Eventually, they decided they wanted to transport four five-gallon containers of diesel fuel, over the mountain to Middle Fork. This mission could have been accomplished in a much shorter amount of time by one volunteer with a UTV. But the mule volunteers insisted.

So Erik wrote them out very explicit instructions about how to get over the mountain, and they took off. At 11 pm at night, they radioed the Station, asking to be rescued, because they were lost. Firefighters then had to go out, in the middle of the night, and help get them off the mountain. They never did deliver the diesel fuel. They were Clout Chasers, pulling on our resources, for their own benefit.

Other people showed up to “volunteer,” with cameras in tow. Vloggers and YouTubers talked into their cameras the entire time they were here. They wandered around our community, taking photos, without permission, of devastated homes, full of private possessions.

We didn’t ask people to show up here. We did not invite them. They invited themselves. It is not helpful to come into a devastated community, and make the situation about you.

Short-term missions have become popular in the wake of disasters. Often with little preparation, no knowledge of local culture (or sometimes even language), an absence of coordination with government officials, and no plans for long-term follow-up, volunteers show up in droves to “help.” Without technical skills, resources, or a way to take care of themselves, they become just another burden to people who are living in the disaster.

I add myself to this list of people with willing hands. I spent a month in Kenya, in 2011, and traveled in the ministry, speaking to groups of Quakers. I volunteered for a week in a rural hospital. I ended up helping to paint the surgery wing because that is what was needed. But I know, deep in my heart, that I was also a burden to that community, with my inability to speak the local dialect, and my limited skills.

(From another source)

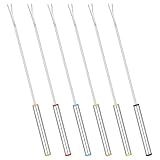 BOHUIZ 6 Stück Edelstahl Fonduegabeln, 24 cm Spieße Fondue Gabel mit Hitzebeständigem Griff Fondue Spieße für Käse, Schokolade, Obst, Gemüse, Marshmallows, Fleisch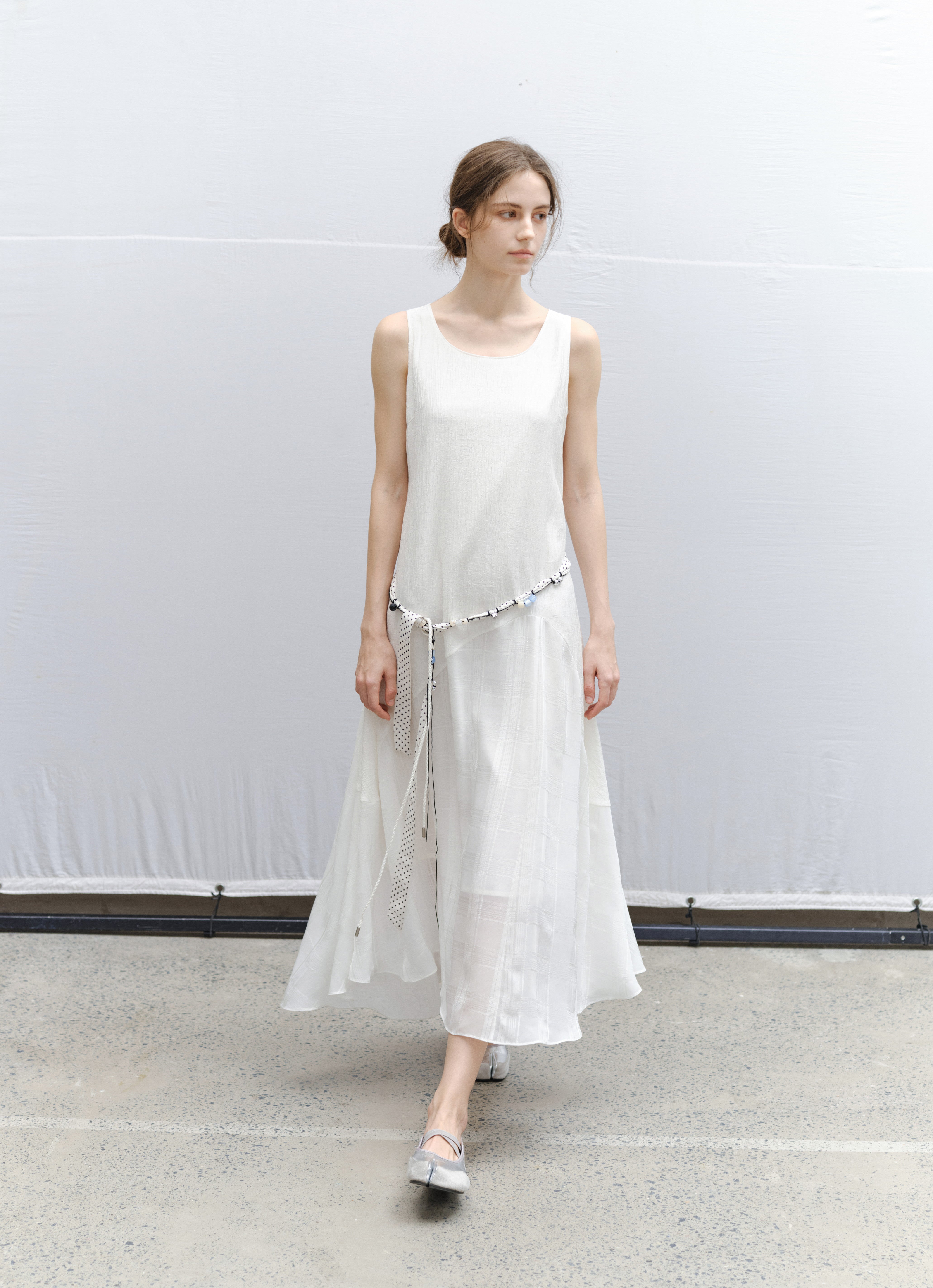 SHEER PLAID LAYER DRESS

Part of me didn’t want to write about volunteerism at all, because I know this will upset people. I know there are people with big hearts and willing hands, who truly want to make a difference.

All I am suggesting is that when you are considering what it means to make a difference, you take into account the people you are serving, and the situations you are walking into.

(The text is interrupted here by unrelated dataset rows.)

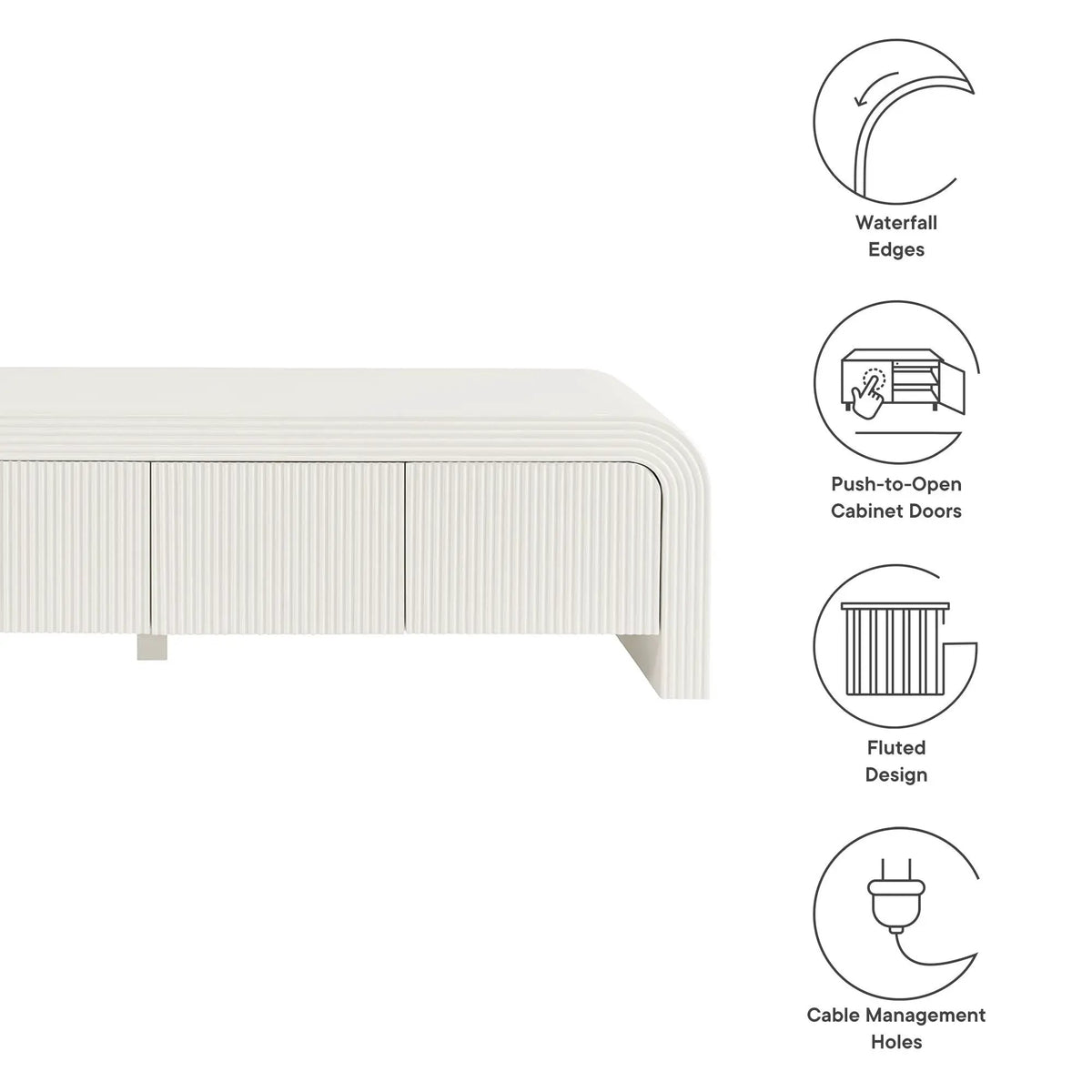 Waterflute 68" Fluted TV Stand by Modway by HouseOfZazla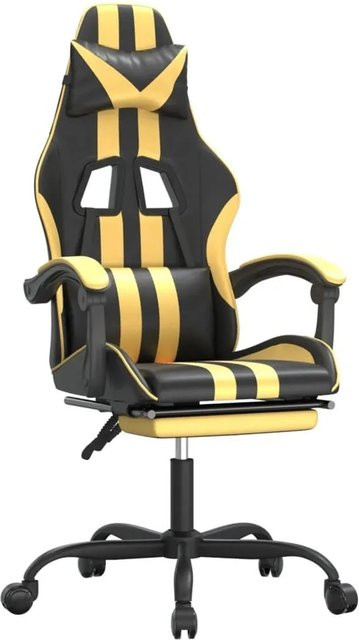 vidaXL Gaming-Stuhl mit Fußstütze und Kopfstütze, Schwarz & Gold, Kunstleder, drehbar - Bild 1
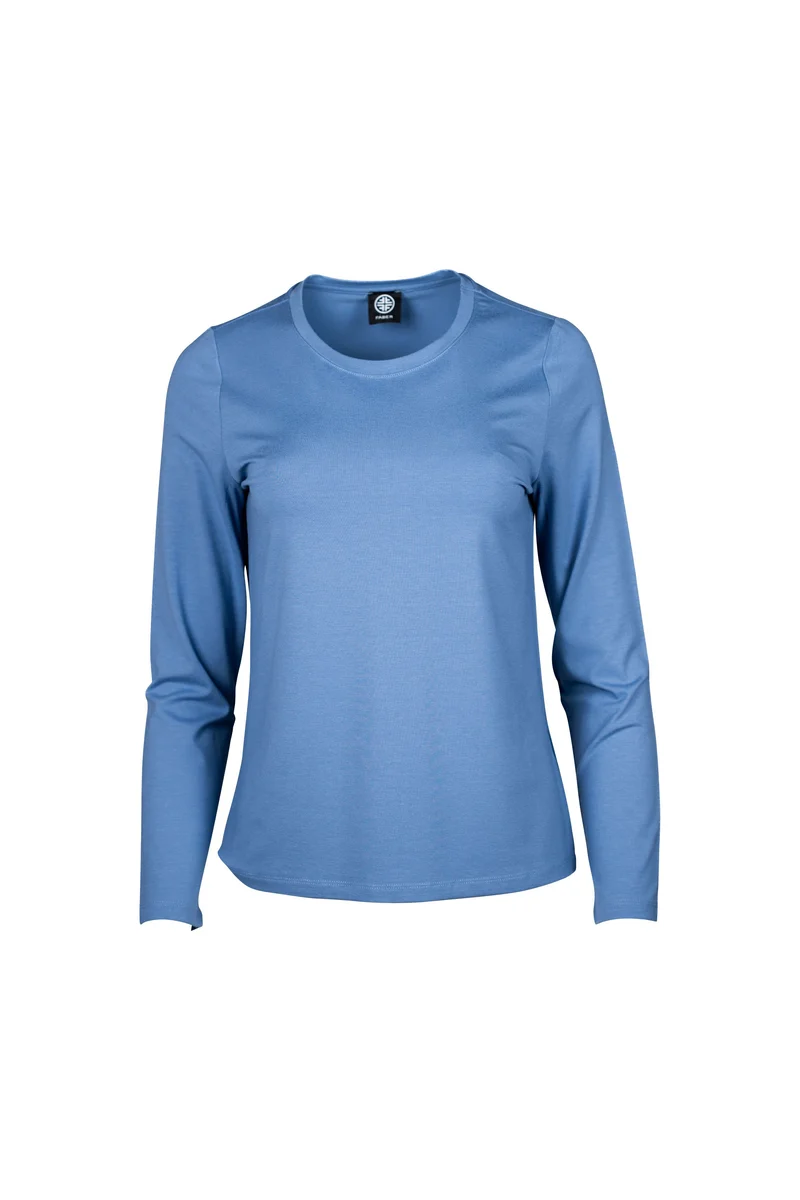 BASIC Langarm-Shirt mit Rundhalsausschnitt in Farbe Jeans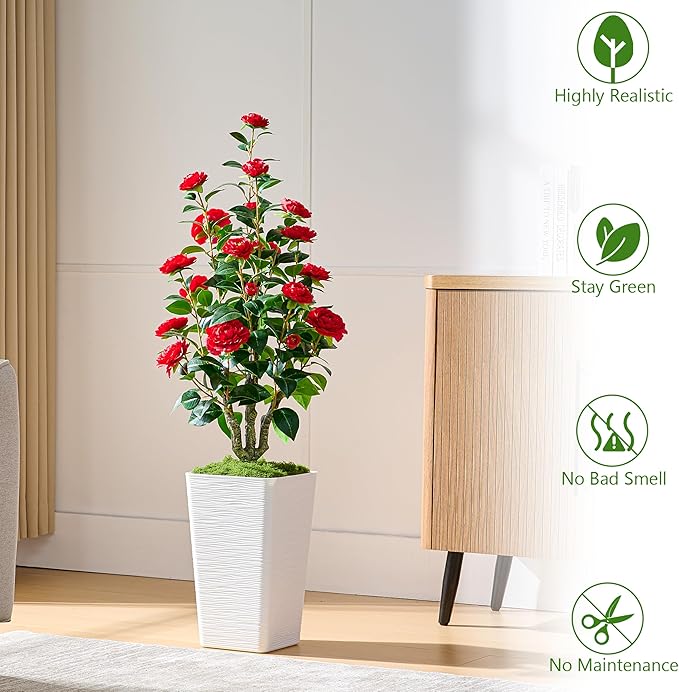 Artificial Camellia Tree 4FT Faux Trees Indoor Fake Floral Plant Blooming Tree with Red Flowers & White Tall Planter, Faux Camellia Plants for Porch Home Room Bedroom Office Front Door Outdoor Decor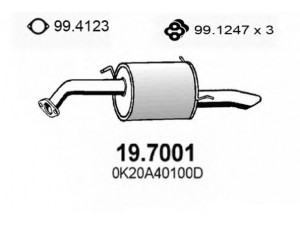 ASSO 19.7001 galinis duslintuvas 
 Išmetimo sistema -> Duslintuvas
0K20140100C, 0K20140100D, 0K20A40100D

I’m inviting all of us to consider what it truly means to be compassionate. Compassion arises from a sense of shared humanity, from solidarity, respect, and a profound awareness of interconnectedness.

The underlying human impetus is to want to help. We are more inclined to help when we identify with the people who are suffering. Each of us identifies with multiple groups, for example, based on our race, upbringing, generation, ideology, or profession. It is easy for us to express loyalty, care, and pro-sociality towards members of our own groups. In the wake of Helene, many people who came here identified with the people of Western North Carolina. They could see themselves, in us.

Emotional connection can also motivate Catastrophe Compassion. When we share in, understand, and care for the emotional experience of others, we want to reach out and help. I experienced this when yet another one of my brothers died by suicide, two weeks after the hurricane. This disaster upon disaster claimed people’s hearts. There was an extraordinary outpouring of love and support for me, from hundreds of people who I don’t know personally. They shared their own vulnerable stories of suicide with me.

Disasters lower psychological barriers and create immediate opportunities for connection and community. Compassion is immediately available. Disasters trigger a deep sense of vulnerability. We are brought together in our grief, our disorientation, and our disbelief - whether we are living in the disaster, or observing it from the outside.

In the highest form of compassion, we are aware that suffering exists, we are empathetic to it, and we are committed to alleviating the suffering that accompanies it. Disasters offer us the opportunity to do all three of these things.

Our opportunity, as a people, is to learn how to do this when there is no disaster.